Yangon — More than a year of effort by the National League for Democracy (NLD) to reduce the political role granted to the Myanmar military under the 2008 Constitution ended in failure on Tuesday as a series of key charter amendment proposals failed to receive the required support of more than 75 percent of lawmakers.
The Union Parliament voted on amendments to 14 provisions of the Constitution, including proposals that sought to end the defense services’ national political leadership role, gradually reduce the military’s share of seats, and end both the commander-in-chief’s role as the supreme commander of the armed forces and his right to take power during an emergency.
Only two proposals — the changes to the written term for “disabled” in Burmese — received approval.
The provisions voted on Tuesday are covered by Article 436(a), meaning the changes to “disabled” also require over 50 percent support in a national referendum.
The NLD suggested gradually reducing the military’s share of seats from 25 percent to 15 percent after the 2020 election, 10 percent after 2025 and 5 percent after 2030. The proposal only received 404 votes, less than 62 percent of lawmakers.
Ethnic parties during the previous two weeks of parliamentary debates have supported the proposals seeking to limit the role of the military in politics and to remove provisions that enshrine the military’s powers.

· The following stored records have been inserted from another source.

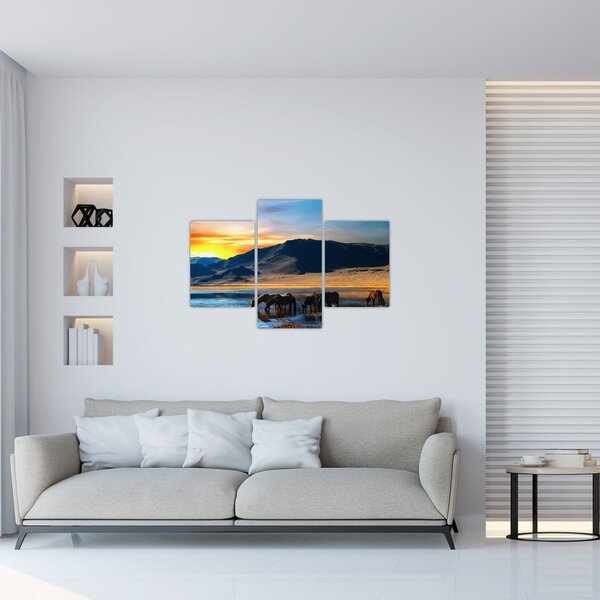 Obraz - Napájadlo (90x60 cm)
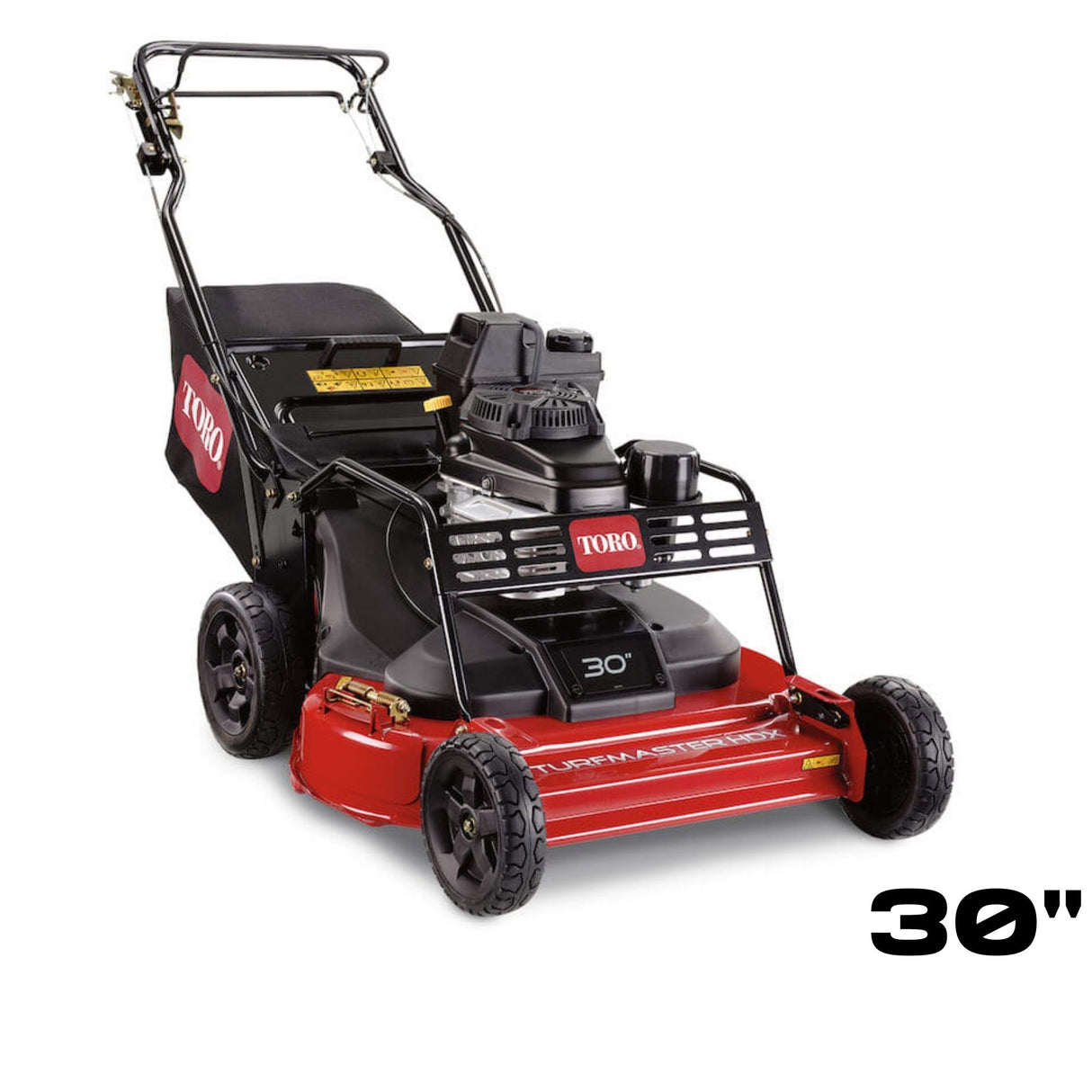 Toro TurfMaster HDX | 30" Deck | Push Mower | 179cc Kawasaki | Gas Powered Push Lawn Mower | 22215
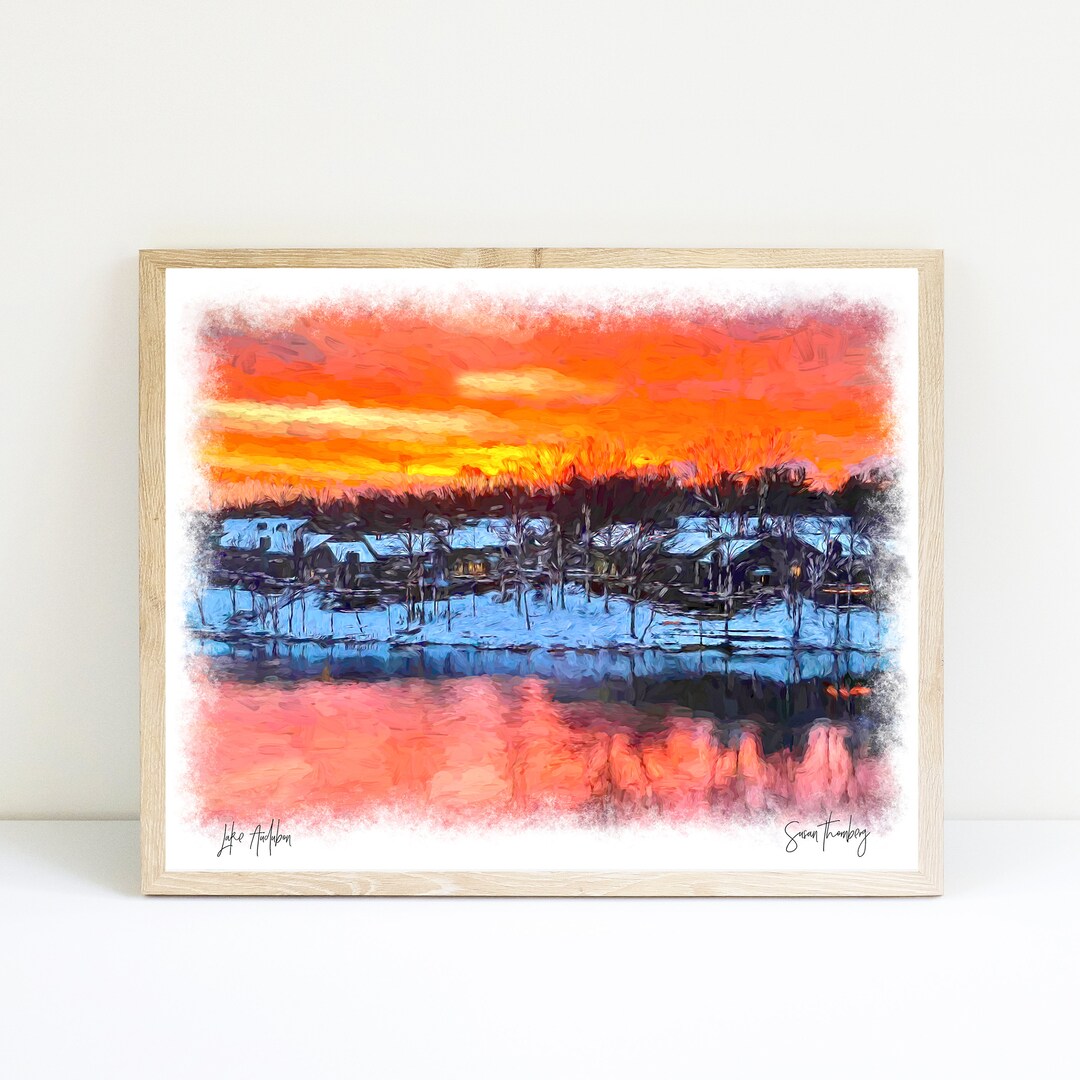 Lake Audubon Reston VA Sunrise Lake House by Susan Thornberg Etsy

But the military-appointed lawmakers and USDP raised strong objections, warning that weakening the military’s power would have “undesirable consequences” that would negatively affect the country’s fragile democratic transition.
The proposals to remove the word “disciplined” before democracy in the charter were also rejected. The Constitution states the “flourishing of a genuine, disciplined multiparty democratic system” as one of the Union’s primary objectives and that “the Union practices a genuine, disciplined multi-party democratic system”.
The Parliament will continue to vote on other proposed constitutional amendments until March 20. The remaining proposals include removing the military’s veto on constitutional changes and the direct election of chief ministers by state and regional legislatures rather than by the President.